PNBP Minerba Tembus Rp71 Triliun hingga Pertengahan Juli 2025, Jadi Kontributor Terbesar di ESDM

Jakarta—Penerimaan negara bukan pajak (PNBP) dari sektor mineral dan batubara (minerba) mencapai Rp71 triliun hingga pertengahan Juli 2025. Capaian ini menjadikan subsektor minerba sebagai kontributor PNBP terbesar di lingkungan Kementerian Energi dan Sumber Daya Mineral (ESDM), di tengah tekanan harga komoditas global dan tantangan ekspor.

Pernyataan tersebut disampaikan Direktur Jenderal Mineral dan Batubara, Tri Winarno, saat membuka Energi & Mineral Festival 2025 di Jakarta pada Kamis (31/7/2025). Ia menyebut sektor energi dan minerba secara keseluruhan menyumbang Rp400 triliun kepada negara dari sisi pajak dan nonpajak serta berkontribusi 12,5% terhadap Produk Domestik Bruto (PDB) nasional.

Meski demikian, Tri mengakui kinerja PNBP minerba mengalami sedikit penurunan dibandingkan tahun sebelumnya. Ia mengaitkan kondisi tersebut dengan melemahnya harga komoditas global dan turunnya permintaan ekspor, terutama untuk batubara dan sejumlah mineral strategis.

Di tengah situasi itu, pemerintah tetap menempatkan sektor ESDM sebagai tulang punggung penerimaan negara. Untuk 2025, pemerintah mematok target PNBP seluruh sektor ESDM sebesar Rp254,49 triliun, meningkat dibanding target tahun sebelumnya yang sebesar Rp234,2 triliun.

Tri juga menekankan pentingnya agar kontribusi sektor energi dan minerba dirasakan langsung oleh masyarakat. Ia menyoroti masih adanya sekitar 5.400 desa yang belum menikmati listrik secara penuh, serta wilayah yang masih bergantung pada bahan bakar minyak yang mahal dan dinilai kurang ramah lingkungan.

“Dalam lima tahun ke depan, harapannya listrik bukan lagi barang mahal dan langka. Energi harus bisa diakses semua rakyat Indonesia,” kata Tri.

Terkait bauran energi nasional, Tri menyebut sekitar 40% masih bergantung pada batubara.
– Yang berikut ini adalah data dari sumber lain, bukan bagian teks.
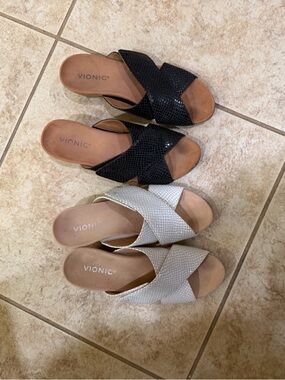 Vionic Women's Crisscross Slide Sandals in Black and White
Pemerintah, menurutnya, terus mendorong transisi menuju energi baru dan terbarukan (EBT), namun batubara dinilai belum dapat ditinggalkan dalam waktu dekat. Karena itu, ia menekankan perlunya pemanfaatan teknologi agar penggunaan batubara lebih ramah lingkungan.

Pemerintah mendorong penerapan teknologi seperti carbon capture and storage (CCS) serta pengembangan pembangkit rendah emisi. Upaya tersebut diharapkan dapat menjadi jembatan antara kebutuhan energi yang terjangkau, ketersediaan pasokan, dan komitmen Indonesia dalam agenda transisi energi.